Regarding the HB, they have recorded nearly most (but not all) of Haydn's symphonies, I think. I have some.

And then there are many other historically informed recordings done by many other ensembles, usually playing the late symphonies, say nos. 80 to 104.

If you want one single CD to introduce you to Haydn's late symphonies, I suggest try say, symphony no. 100 "Military", and 104 "London".


----------



## Elgarian (Jul 30, 2008)

Interesting thread. I've been asking similar questions about Mozart in recent months, and making some marvellous discoveries which I need to report somewhere - I'll set up a Mozart thread parallel to this one during the next day or two, and we'll see if we can't pick up some useful guides to HIP recordings of both Haydn and Mozart. (Glad to hear you're enjoying Immerseel's 'Beethoven on a motorbike' set.)


----------



## nefigah (Aug 23, 2008)

Thank you for the comments! 

I realized as I was reading your post, Natalie, that I came off sounding like I wanted a complete collection of HIP Haydn's symphonies, when actually that's not really the case--that'd be too expensive for me at the moment in any case  So really any representative sample would serve to whet my appetite for now.


----------



## Guest (Jan 6, 2010)

The Virgin Veritas label has the Orchestra of the Age of Enlightenment performing Haydn's Paris symphonies - on iTunes it is a steal - $7.99 for 6 symphonies.
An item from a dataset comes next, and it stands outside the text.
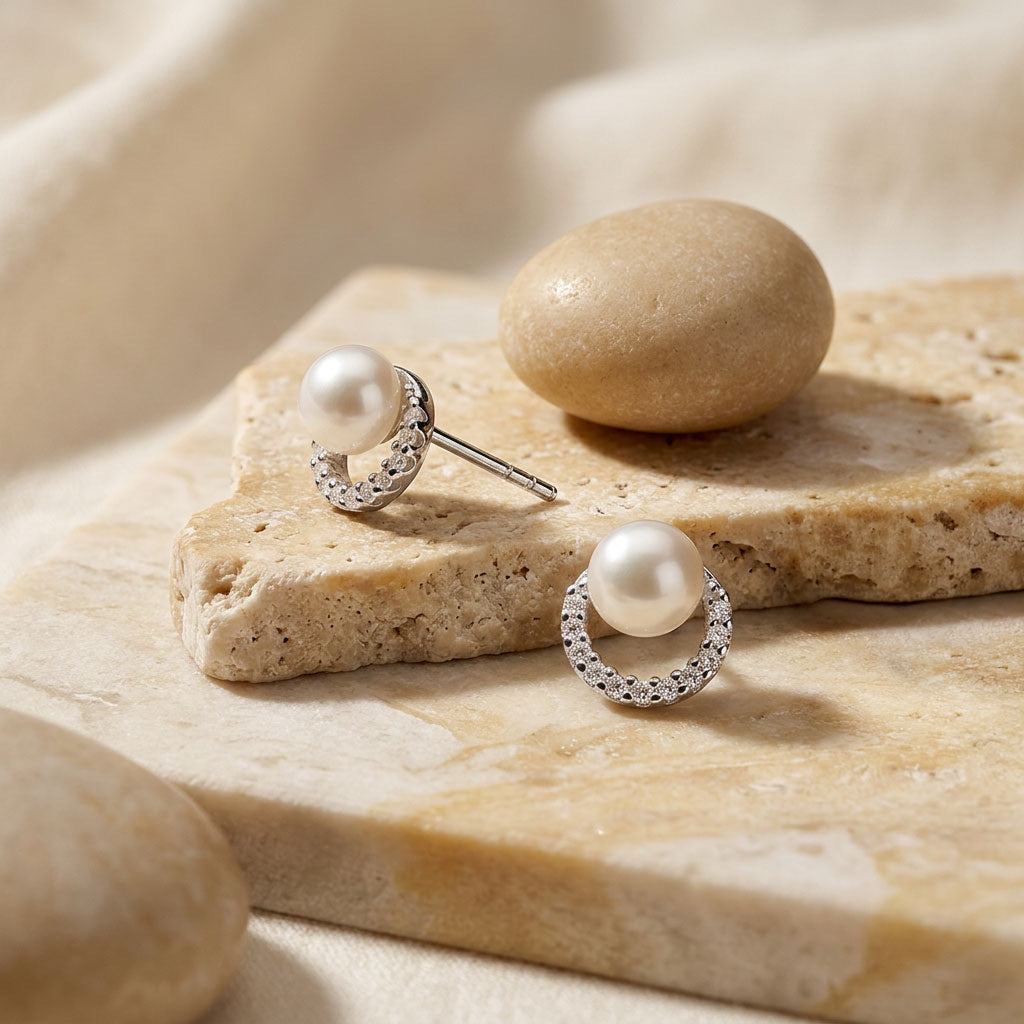 Pearl earrings on a stone surface with a natural light background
The album received very good reviews. I have the OAE also performing Bach's Brandenburg Concertos, and while it is not my favorite performance, it is still very good, and ridiculously inexpensive. That might be a good start.


----------



## nefigah (Aug 23, 2008)

Thanks for the recommendation, DrMike.

I thought I'd mention on this thread that I picked up this wonderful collection of Haydn's keyboard works for next-to-nothing via Amazon MP3. *It is delightful!*


----------



## Guest (Jan 9, 2010)

I saw that in the Mozart HIP.

I am still fairly new to Haydn, and while I am enjoying the symphonies, I am not so in love with him yet.


----------



## Elgarian (Jul 30, 2008)

nefigah said:


> Thanks for the recommendation, DrMike.
> 
> I thought I'd mention on this thread that I picked up this wonderful collection of Haydn's keyboard works for next-to-nothing via Amazon MP3. *It is delightful!*


This is all very encouraging! Still waiting for my superduper cheap CD set from Amazon uk to arrive in the post.


----------